[Start of section]

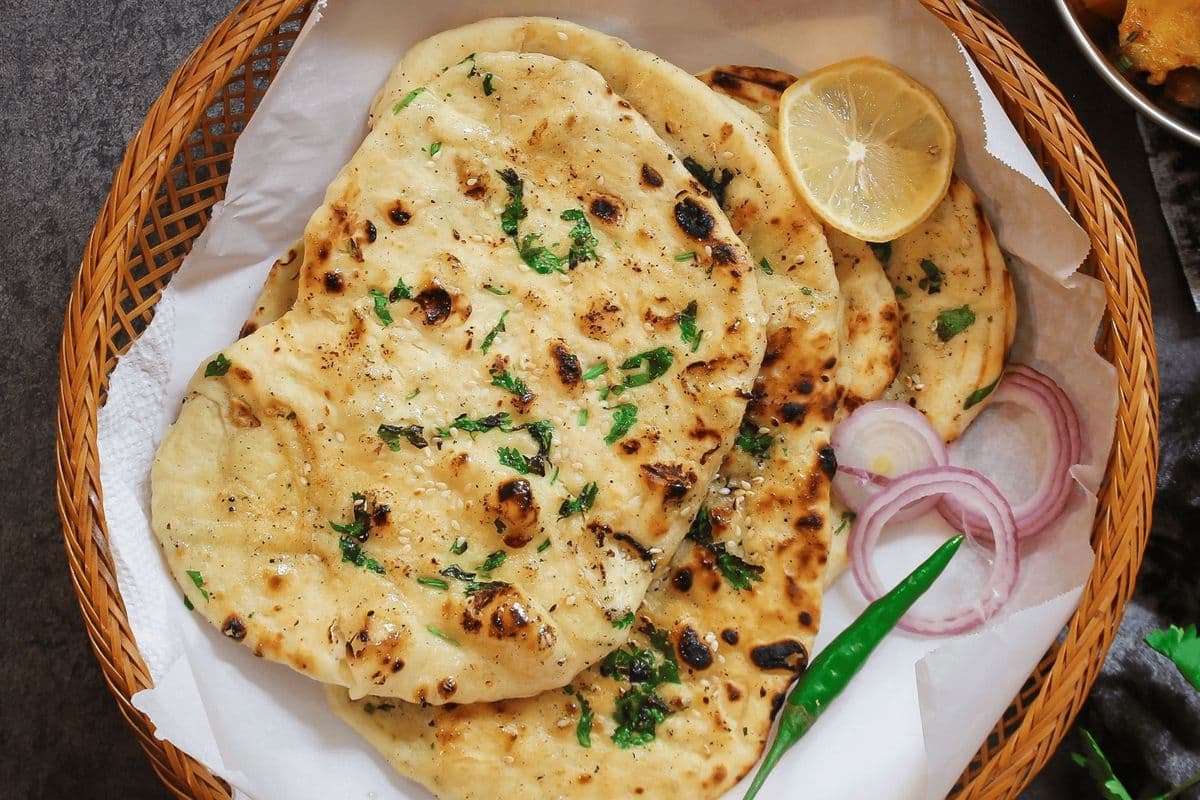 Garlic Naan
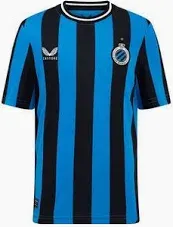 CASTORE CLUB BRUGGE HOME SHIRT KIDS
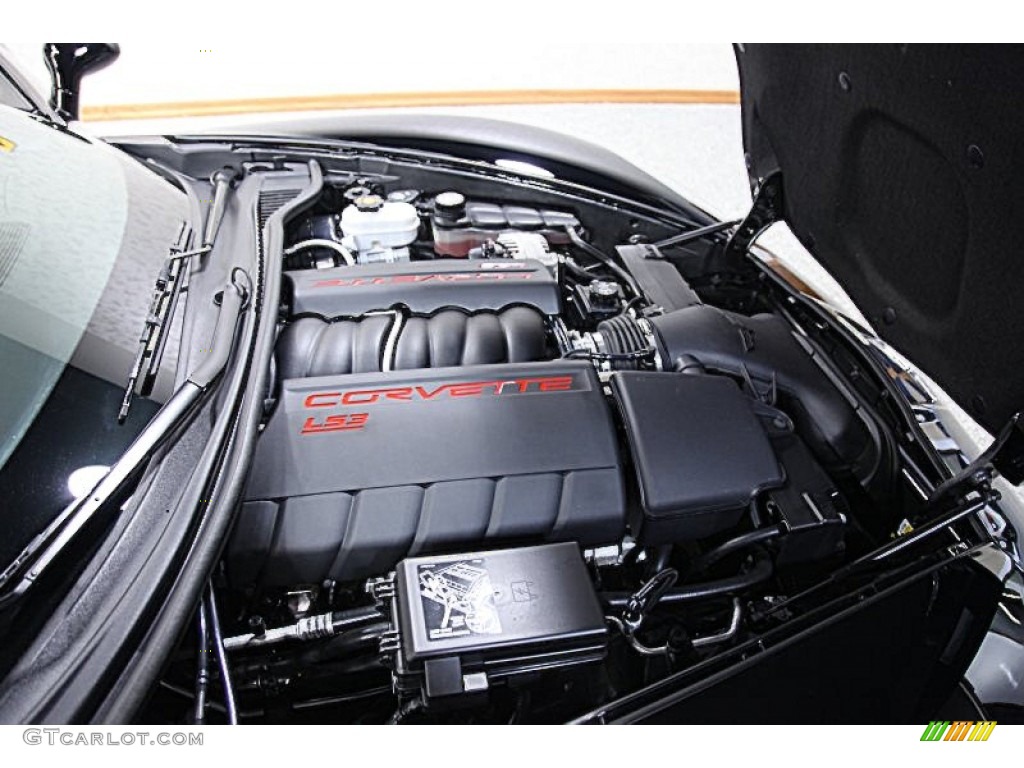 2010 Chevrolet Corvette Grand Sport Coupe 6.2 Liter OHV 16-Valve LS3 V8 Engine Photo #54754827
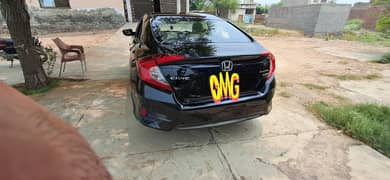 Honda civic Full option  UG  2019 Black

[End of section]

| Activity |
Do not include the images; transcribe the rest of the listing exactly.

| Solution for this task |
 Garlic Naan
 CASTORE CLUB BRUGGE HOME SHIRT KIDS
 2010 Chevrolet Corvette Grand Sport Coupe 6.2 Liter OHV 16-Valve LS3 V8 Engine Photo #54754827
 Honda civic Full option  UG  2019 Black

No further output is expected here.